今後、大学のアカデミック・ポストが減ることが避けられないなか、デサイロの理事のひとりである人類学者の磯野真穂さんのように独立研究者のキャリアを選ぶ方が増えていくかもしれません。
デサイロも「アカデミックインキュベーター・プログラム」という公募制で研究助成金をお渡しするプログラムを準備していて、そこでは研究資金の提供も行いますが、重要なのは対処療法ではなく、構造的課題を解くことだと考えています。
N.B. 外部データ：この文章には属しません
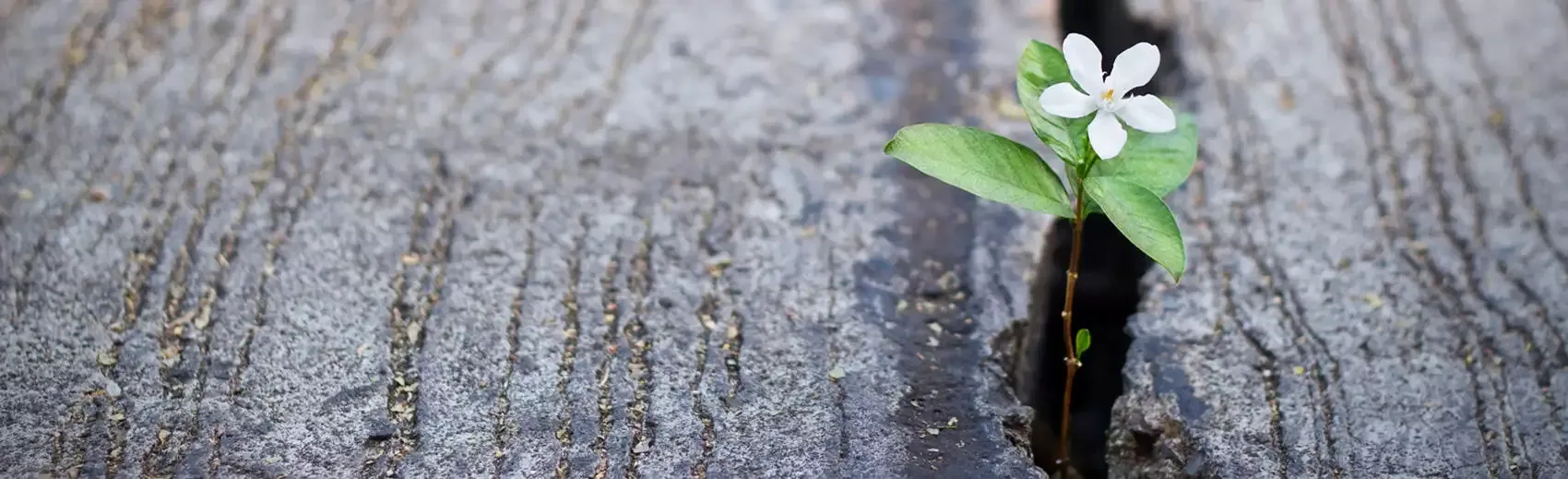 Gestion des Emplois et des Parcours Professionnels (GEPP)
一般市民向けの講座やファンクラブの開設、企業や行政の有識者リサーチへの参加など、研究者の特性に応じた多様なマネタイズポイントを共に考え、持続可能なビジネスモデルを構築するために伴走していく予定です。
まだ道半ばではありますが、Web3のテクノロジーやブロックチェーンを用いて現代科学が抱える諸問題を解決しようとする「DeSci(分散型サイエンス)」の仕組みを応用した資金調達なども視野に入れています。
安田:僕がお手伝いしているエッセンスでも、さまざまな研究者の存在を世間に知ってもらってファンをつくり、いわば「推しエコノミー」を生み出すことにチャレンジしています。
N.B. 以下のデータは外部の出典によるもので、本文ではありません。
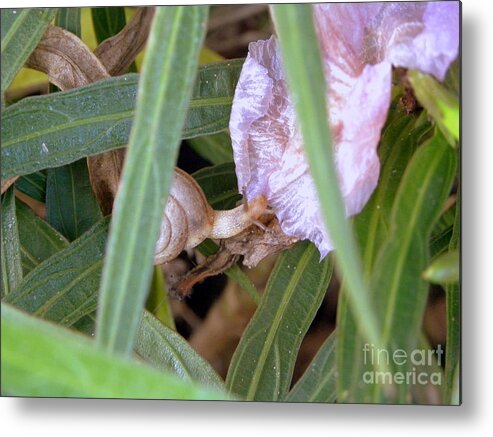 Terri-mills Metal Print featuring the photograph Snail by Terri Mills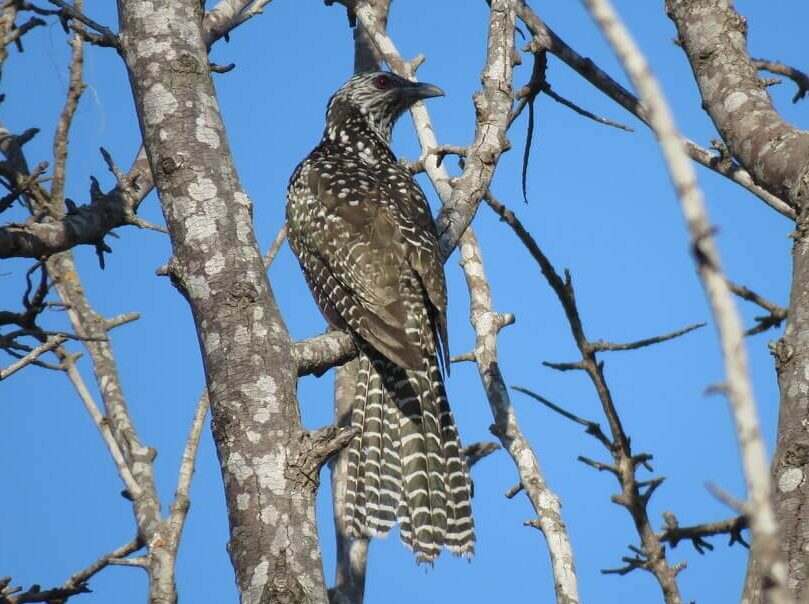 Indian koel By Srikanth G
まずはさまざまな研究者の研究内容をウェブメディアで紹介することから始めているのですが、今後はプラットフォーム上で、ファンの方が研究者や研究プロジェクトを直接支援できるような仕組みをつくっていきたいです。
例えば、トークンを発行してファンがそのトークンを研究者に付与することで、何かしらのメリットをファンと研究者がお互いに享受できたり、トークンのやり取りを通じて、ファンと研究者のマッチングだけでなく、ファン同士や研究者同士もつながっていったりする。そんな「推し」トークンの仕組みがつくれないか、と考えています。
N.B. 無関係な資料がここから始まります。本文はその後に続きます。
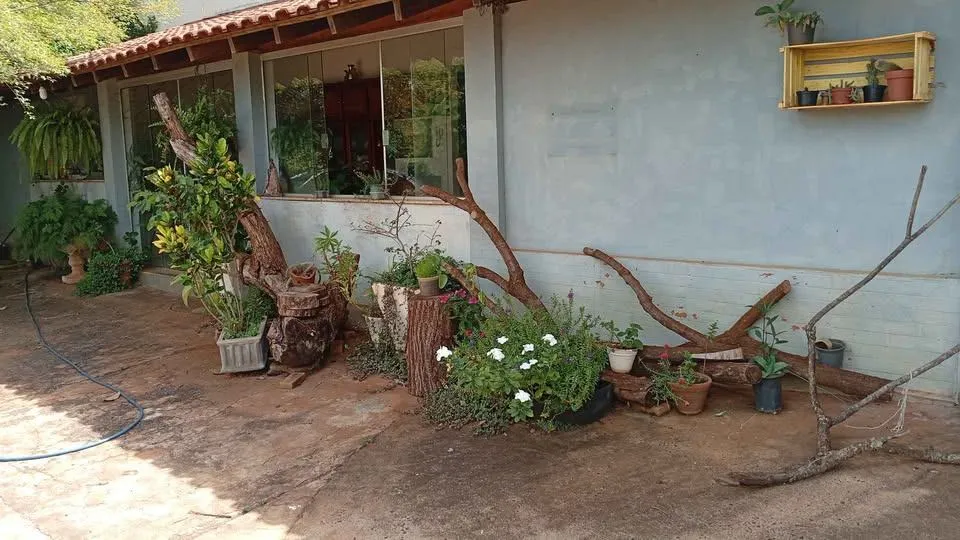Fazenda / Sítio / Chácara com 2 quartos à venda, 6000m² — foto 25 de 29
岡田:昨今は政府などの公的機関からの資金に頼るのではなく、個人が社会課題のためにお金やリソースを出し合う「フィランソロピー」の重要性が増していますよね。人文・社会科学の研究支援という観点でも、科研費などの公的資金だけではなく、民間のさまざまなプレイヤーによる資金やリソースの提供が重要になっていくように感じています。